Pol quiere que quien tenga pis pueda hacerlo. Sería tan fácil como salir a mear al campo pero al parecer —y no nos habíamos dado cuenta hasta ahora, la verdad— hay dos metros entre el vagón y el suelo. Pol necesita una escalera. Y consigue una escalera. Están por aquí escondidas, entre nosotros, se ve que son para emergencias y se ve también que esto es una emergencia. Mira tú. Ya con la escalera organiza la cosa: Dos personas abajo como máximo, por turnos. La cola es automática. Hay ganas de hacer pis. Hay ganas de campo. Hay ganas de un poco de aire de campo mientras haces pis. Y así estamos.

“Si fuera por mí, llamo a los SWAT”, dice Pol con su megáfono. Si es que hay que quererle.

Pasan algunas horas más. Ha llegado la Guardia Civil. Un coche, dos agentes. No le tengo yo mucho aprecio a las Fuerzas de Seguridad del Estado (porque esto de la fuerza no acaba nunca de ser bueno) pero la verdad es que son muy efectivos. Tranquilizan a la gente. Su presencia hace posible que podamos salir del tren sin la excusa de la bufeta llena. Y salimos. Bajamos las escaleritas de emergencia y salimos todos o casi todos. Hay tres metros de piedrecitas entre el vagón y la valla que separa la vía del campo. Nos sentamos sobre las piedrecitas y vemos el tiempo pasar ante nosotros mientras Pol nos pide, por favor, que no nos desperdiguemos demasiado.

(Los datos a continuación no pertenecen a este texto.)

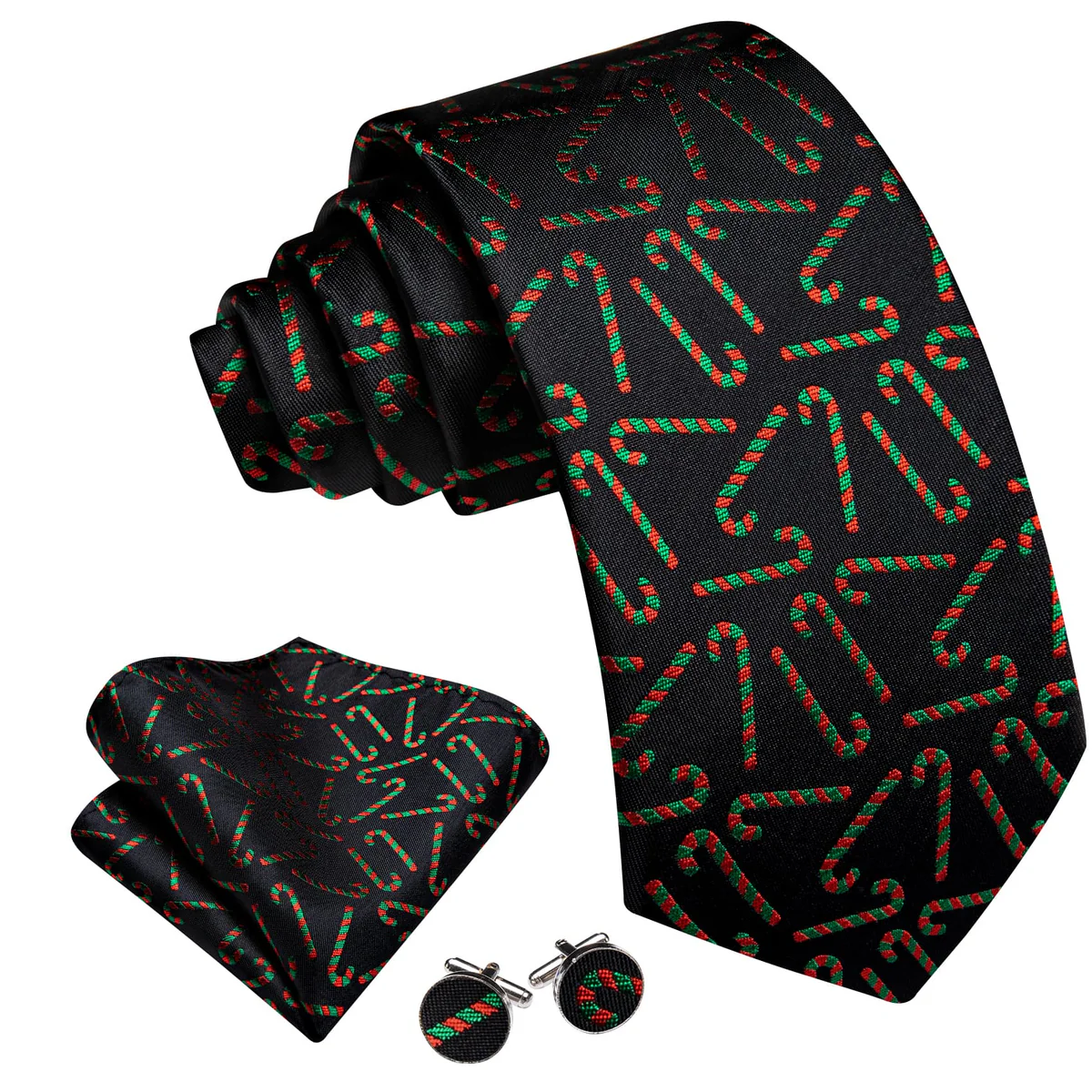 Fashionable hand-styled British casual style tie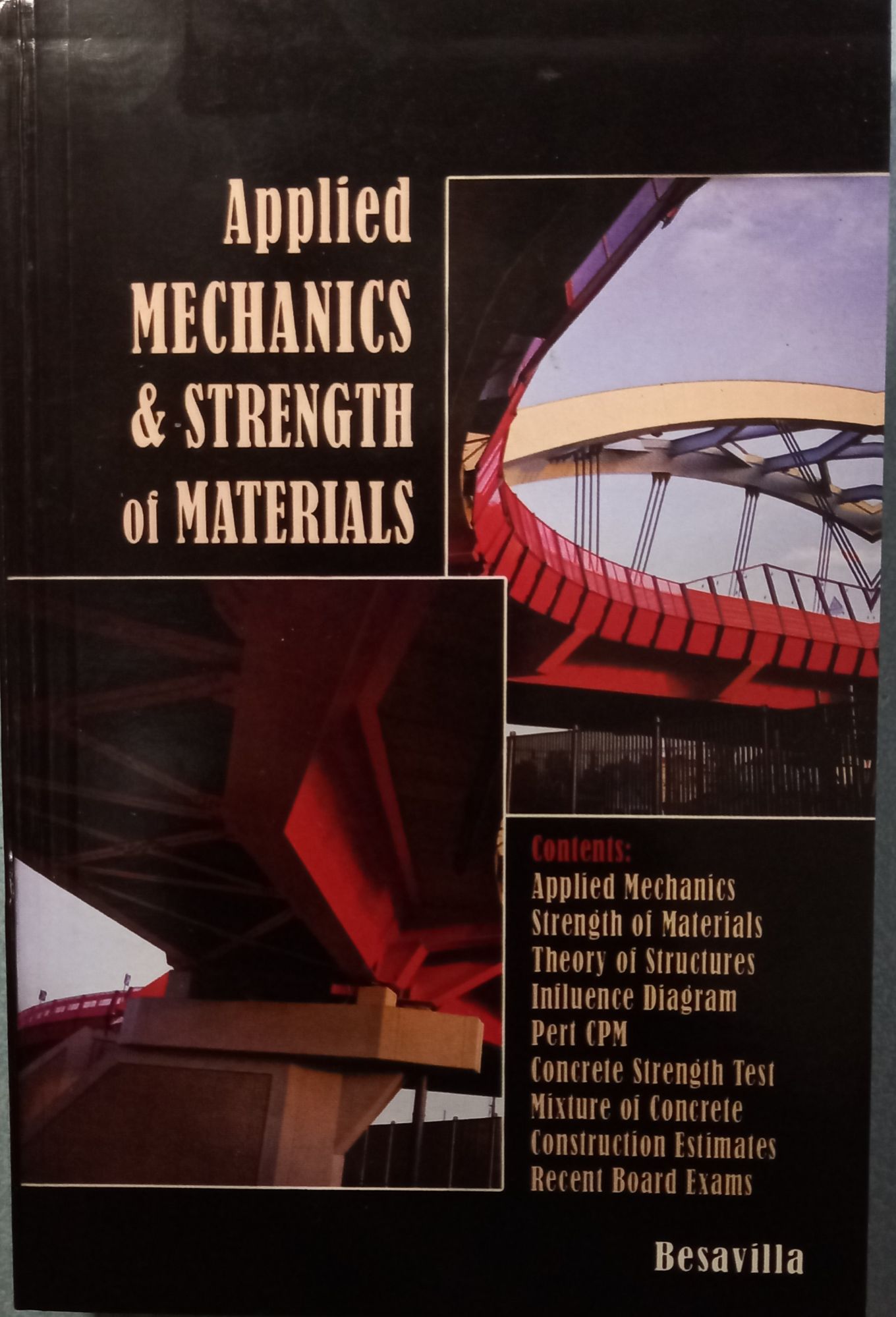 APPLIED MECHANICS &STRENGTH OF MATERIALS Lazada PH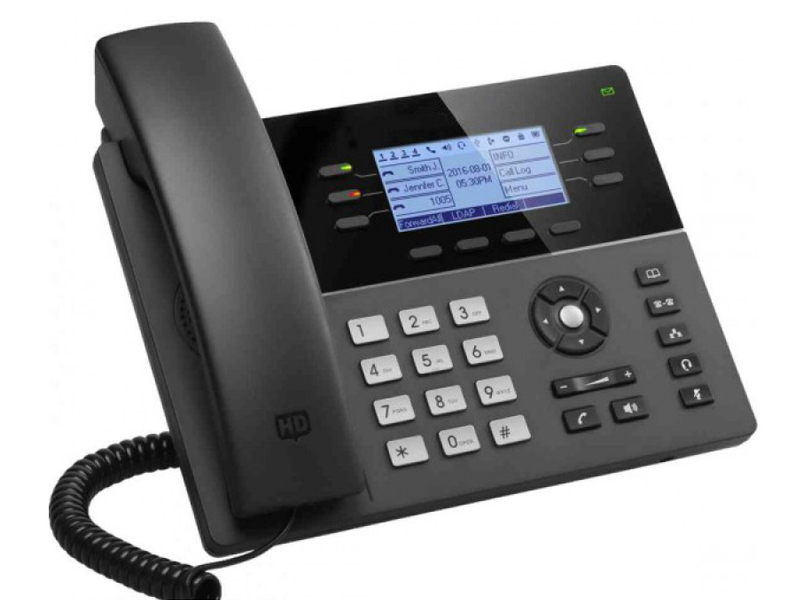 

VoIP оборудование Grandstream GXP1760w, GXP1760w
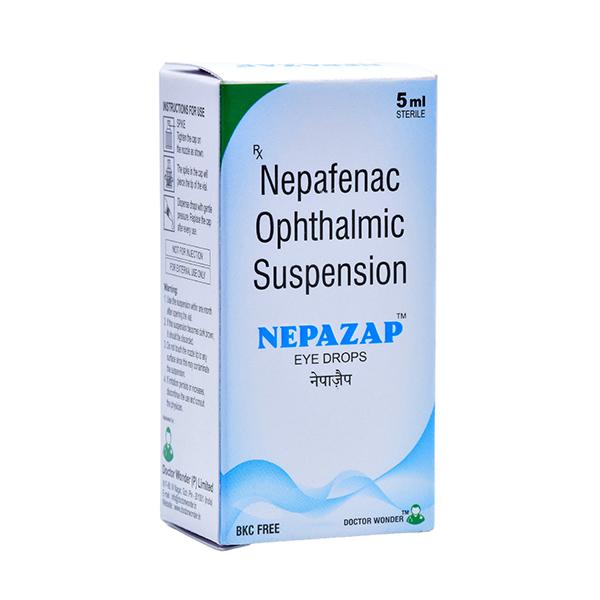 NEPAZAP Eye Drops 5ml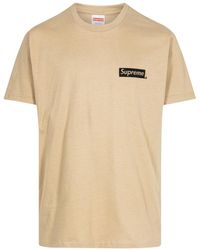 Supreme - Body Snatchers T-Shirt "Khaki" Su23202" - Lyst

Y aquí estoy yo, con mi ordenador al límite de la batería, sintiéndome el cronista del fin del mundo. Y ante mí, como decía, pasa lo de siempre: Cuando la situación se complica, lo humano prevalece. Hace calor, tenemos hambre, no sabemos cuántas horas vamos a estar aquí incomunicados pero seguimos siendo personas. Con algunos defectos y muchas virtudes. Porque la doctora revisa el estado de salud de la abuela cada poco, un pelotón de gente hace muecas al bebé casi por turnos y en la escalerita para bajar los jóvenes ayudan a los mayores a salir. A esto lo llamo yo estar vivo y pertenecer a un grupo llamado humanidad. Porque aunque recibamos a diario decenas de noticias que dicen lo contrario, cuidarse es lo natural entre personas. Incluso entre personas desconocidas entre sí.

Escribo las últimas líneas de esta mediocre crónica de batalla viendo llegar una furgoneta. De su interior salen tres personas. Son vecinos del pueblito que vemos a lo lejos. Se han enterado de que estamos aquí atrapados y nos traen agua y comida. Lo que no saben es que traen con ellos algo más. Llámalo esperanza en el ser humano. Llámalo orgullo. Yo qué sé. Yo ya no sé lo que me digo.

(Eduard Sola sigue parado en algún lugar entre Madrid y Barcelona. Ha podido enviar este texto gracias a los datos de una turista japonesa que, muy amablemente y traductor mediante, ha compartido con él la poca cobertura que tenía.)

Eduard Sola es guionista y premio Goya por el guion original de «Casa en llamas».